Vassily Kandisky. Autumn in Murnau. Private collection.
Loving God, I realize now that I have to be open to everything if I want to change and grow more deeply into the love and knowledge of You, who are everything and in everything. I can only move towards wholeness by recognizing and turning off the old head tapes that have programmed me for far too long so that I can hear You speaking to me always in newness. Faith brought me to love and joy and wholeness, but fear has kept me clinging to my old ways and small opinions. I desperately want to see and let go of all of my emotional security blankets in order to move back to an open, childlike trust in You—however You chose to reveal Yourself to me.
You are God, and I am not. You are in the smallest details of life—how could You not be? You create and sustain all of life, yet my heart continues to interrogate You rather than contemplate You. “Why do you allow so much suffering and injustice in the world? Why are You allowing this evil in our country? Why did you let this happen to me? Why don’t You answer me?” I continue to seriously think I can break into Your great and powerful darkness with my oh, so finite understanding. I’m tired and I want to change—please help me. The suffering way of Jesus is total willingness, total acceptance, and total trust. I want to live like that; trusting that new life flows out of the choices and changes I make, and all I let go of.
Gracious Lord, open my eyes to my radical interconnection with You and to that mystical sense of belonging to all things in the deep intimacy of Your perfect love. Such a relationship lifts me to a plane of truth and trust that neither sorrow, nor loss, nor brutality, nor horror can disturb. Intensify my desire to see You pervading everything, holding it all together by the cords of Your creative love.
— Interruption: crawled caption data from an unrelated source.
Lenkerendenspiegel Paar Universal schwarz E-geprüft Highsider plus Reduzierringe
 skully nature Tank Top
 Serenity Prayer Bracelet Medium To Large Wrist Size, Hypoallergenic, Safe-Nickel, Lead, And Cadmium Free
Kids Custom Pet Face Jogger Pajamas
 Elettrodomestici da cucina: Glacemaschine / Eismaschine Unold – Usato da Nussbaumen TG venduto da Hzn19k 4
Help me to live into this sacred understanding by embracing my pain and allowing time for the fire of love to melt and merge me into oneness with You and the suffering world. Giving such loving attention to You—the One—is at the same time giving loving and compassionate attention to the many. This sacrificial life can only flow out of a heart that has persevered through much suffering and has found its way to the Source.
I commit to an ever greater opening up to Your love that is at once the source, transforming power, and joy of all human existence; imminent, transcendent, and beyond. It will require giving words to my most intimate experiences, communicating as honestly as possible all of my suffering, sorrow, and pain, as well as my peace and my joy. It will require that I yield layer after layer of the mistrust, anger, and pain that has encased my heart for so long. Thus I will come at last to see that my desire for You is in fact an echo of Your far more encompassing and passionate desire for me. I will become a living witness to the awakening of Your divine life in me—to what I have seen with new eyes, heard with new ears, and loved with a new heart—offering others a glimpse of light in the midst of their confusion, darkness and pain. It is the love, hope, and encouragement of You in Whom all is lost yet all is found.
From The Hidden Life Awakened pp 91-92:
“There is within us all this strong desire for the freedom to live and be whole, but it takes enormous courage and discipline to make the choice to trust God and do the difficult work this requires. Taking those initial steps toward change can be so frightening and painful that we often quit before we have a chance to experience any healing. The old voices in our head tell us it won’t work, things will only get worse, and we’re wasting our time. The new voice in our heart tells us that if we don’t change, we won’t grow, so dare to let go, trust God, and make the choice to change, regardless of how hard it is.
Change and growth are synonymous. We have a choice, and our choice is critical because it is either life-giving or life-draining. Failure to dare to change keeps us trapped in old behavior patterns that obviously haven’t worked, so why not open and take a chance on trust? Old behavior patterns are so hard to break because they are deeply rooted in our childhood wounds. The more we develop new behavior patterns, though, the easier the work becomes, and we slowly begin to see our lives bear fruit.”